Banana PlantWhat do the banana plant and the 1967 Dustin Hoffman classic, “The Graduate,” have in common?

One word: plastics.

After bananas are harvested, the plant material left behind normally goes to waste. However, researchers at Queen’s University Belfast are testing a new technique to use banana plants in the production of plastic products.

The Polymer Processing Research Centre at Queen’s is taking part in a €1 million study known as the Badana project. The project will develop new procedures to incorporate by-products from banana plantations in the Canary Islands into the production of plastics. In addition to the environmental benefits, the project will increase the profitability of banana plantation owners and provide better job security for those working in the area.

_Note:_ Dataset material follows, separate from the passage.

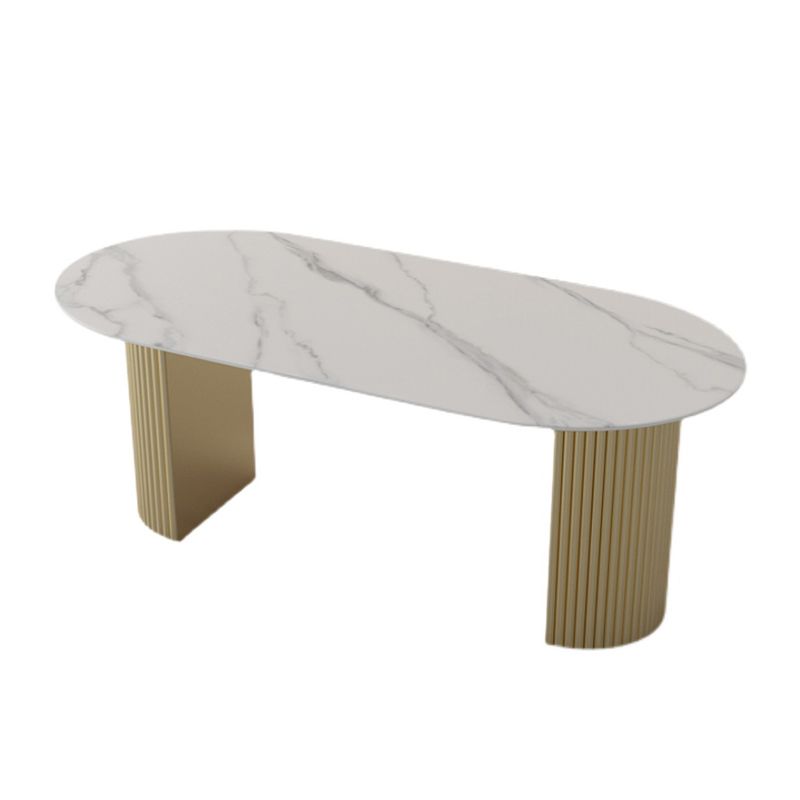 Metal Contemporary Oval Dining Table Double Pedestal Table for Dining Room Clearhalo 'Dining Tables & Seating' 'Dining Tables' 'dining_table' 'furn' 'furn_dining_table' 'Furniture' 'furniture_dining_table' 'Kitchen & Dining Furniture' 'kitchen' 'kitchen_dining_table' 1200x1200_433f39e6-fb47-4cf4-bab6-0ded6b19a0d7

“Almost 20 per cent of the bananas consumed in Europe are produced in the Canary Islands, with around 10 million banana plants grown annually in Gran Canaria alone,” said Mark Kearns, rotational moulding manager at the Polymer Processing Research Centre in Queen’s School of Mechanical and Aerospace Engineering. “Once the fruit has been harvested, the rest of the banana plant goes to waste. An estimated 25,000 tonnes of this natural fibre is dumped in ravines around the Canaries every year.”

The Badana project aims to put that valuable fibre to better use.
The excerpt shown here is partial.